1. It combines the humor of old FF games with the series' modern benefits: incredible graphics (for 2000 at least), much better writing and translation, an epic musical soundtrack, and a more balanced battle system that is more targeted at the average gamer than the hardcore number cruncher.
2. The best-developed characters in any game ever. Vivi, the shy black mage with a prevailing misunderstanding of death. Dagger, who grows over the course of a game from an ignorant but well-meaning princess into a worldy woman with a strong sense of justice. Zidane, the only male protagonist in a Final Fantasy game who is attractive to women for valid reasons and serves as a focal point for all the other characters to grow through.
Not only are the main characters three dimensional, but almost every single character in the game has a distinct personality. Remember the guy near Dali who lives to drink coffee? The excited engineer in the Industrial District who wonders whether airship engines are better in the front or in the back? The dwarves, man? THE !@#$% DWARVES?!
3. A sense that the game does not always have to take itself so seriously. For examples of FFs that are way too serious, see everything Square-Enix has ever made after 2001. Even though the story gets mind-bendingly crazy at certain points (ex. "I...am an empty vessel..."), jokes still run rampant and the game generally has the feeling of an adventure, not some morbid, life-sucking journey, (Hello, Advent Shitren.)
4. Writing that, even without nostalgia glasses on, still holds up. It can be dramatic without being cheesy (no "FOOL! KNOW MY POWER"s or "I'M GOING TO GET YOU BASTARTDS!!!") and even cute and poignant at the right moments.
Dagger: I've been having trouble sleeping lately...
Zidane: Maybe all you need is some company, eh?
5. And the biggest reason: when so many games these days are reaching for reality and trying to imitate life through better graphics, better physics, and advanced AI, Final Fantasy IX is a glorious reminder of what games used to be.
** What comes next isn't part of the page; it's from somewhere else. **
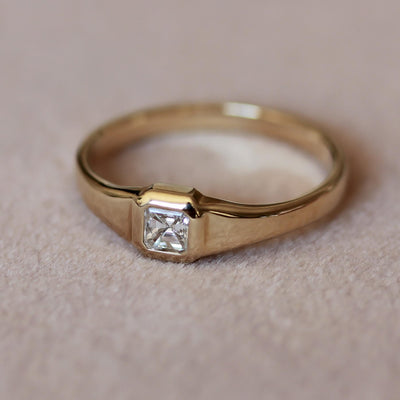 טבעת טולוז יהלום זהב 14K Rings 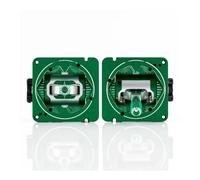 JfdLbv 1pcs AG01 Full CNC Throttle MKII Series Colorful 2pcs Set FIT For TX16S(Green)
It asks you to believe in the impossible, to imagine what it'd be like to see a monster suck up an entire city in its mouth, to shrug off everything Philosophy 101 taught you and revel in the deeds of valiant heroes and gape in awe at the malevolence of grand, powerful villains.
More importantly, rather than the countless shitty wargames on the market or even Square's more recent offerings that are awash in boring, drab environments, FFIX gives us color by never forgetting that any good adventure, virtual or no, always instills in us a childlike sense of wonder. Remember seeing Bahamut and Alexander battle? Burmecia, trapped forever in eternal rain? The airship dock at Lindblum? The Iifa Tree? No other game has ever made me say "Wow..." so many times.
In short, Final Fantasy IX is the best game ever, and the best game there ever will be. Period.